We begin by studying the time required for reading in the file and turing the AGCT information into the desired matrices.

In [None]:
file_num = list(range(100, 3000, 100))
time_taken = []

for training_size in range(100, 1000, 50):
    test_size = training_size * 0.1
    start_time = timeit.default_timer()
    X_train, y_train, X_test, y_test = prepare_input(training_size, test_size, 4000)
    X_train, y_train, X_test, y_test = to_np_array(X_train, y_train, X_test, y_test)
    elapsed = timeit.default_timer() - start_time
    print("Time to read " + str(int(training_size * 1.1)) + " files is " + str(round(elapsed, 2)) + " seconds")
    time_taken.append(elapsed)

Time to read 110 files is 4.38 seconds
Time to read 165 files is 6.46 seconds
Time to read 220 files is 8.56 seconds
Time to read 275 files is 10.79 seconds
Time to read 330 files is 13.27 seconds
Time to read 385 files is 15.39 seconds
Time to read 440 files is 17.79 seconds
Time to read 495 files is 20.16 seconds
Time to read 550 files is 22.19 seconds
Time to read 605 files is 24.51 seconds
Time to read 660 files is 27.55 seconds
Time to read 715 files is 30.79 seconds
Time to read 770 files is 31.84 seconds
Time to read 825 files is 34.26 seconds
Time to read 880 files is 36.6 seconds
Time to read 935 files is 38.89 seconds
Time to read 990 files is 43.7 seconds
Time to read 1045 files is 43.44 seconds


It seems to me that the time increase is approximately linear (O(n)) with the increase of the number of files to read in.

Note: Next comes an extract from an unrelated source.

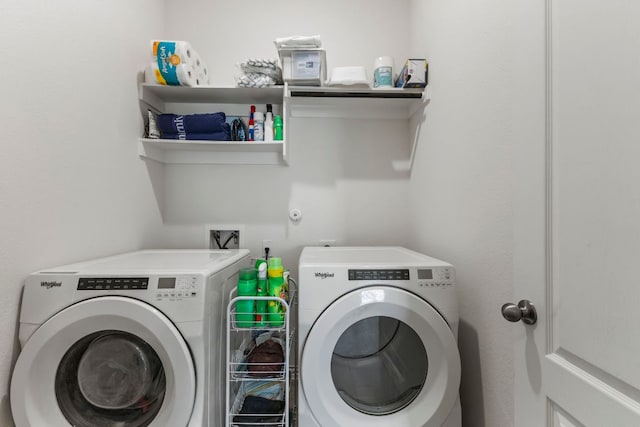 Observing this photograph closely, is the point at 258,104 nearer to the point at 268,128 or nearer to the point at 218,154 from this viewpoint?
the point at 268,128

Reading 3300 files (3000 for training and 300 for test) should take less than 3 minutes.

Then we study the time increase to train the neural network with the more data and also the improvement of accuracy.

In [None]:
file_num = list(range(100, 3000, 100))
total_time_taken = []

for training_size in range(100, 1000, 50):
    test_size = training_size * 0.1
    start_time = timeit.default_timer()
    X_train, y_train, X_test, y_test = prepare_input(training_size, test_size, 4000)
    X_train, y_train, X_test, y_test = to_np_array(X_train, y_train, X_test, y_test)
    result = test_accuracy(train_nn(X_train, y_train, 0), X_test, y_test)
    elapsed = timeit.default_timer() - start_time
    print("Time to read and train with " + str(int(training_size * 1.1)) + " files is " + str(round(elapsed, 2)) + " seconds"
         + ", the result accuracy is " + str(result))
    total_time_taken.append(elapsed)

Time to read and train with 110 files is 22.58 seconds, the result accuracy is 0.604
Time to read and train with 165 files is 33.45 seconds, the result accuracy is 0.497
Time to read and train with 220 files is 44.2 seconds, the result accuracy is 0.456
Time to read and train with 275 files is 56.52 seconds, the result accuracy is 0.507
Time to read and train with 330 files is 67.27 seconds, the result accuracy is 0.621
Time to read and train with 385 files is 77.14 seconds, the result accuracy is 0.514
Time to read and train with 440 files is 88.66 seconds, the result accuracy is 0.556


In [None]:
import matplotlib.pyplot as plt
plt.plot(list(range(100, 1000, 100)), total_time_taken)

It appears that the time to read and train the neural network is also linear to the number of files.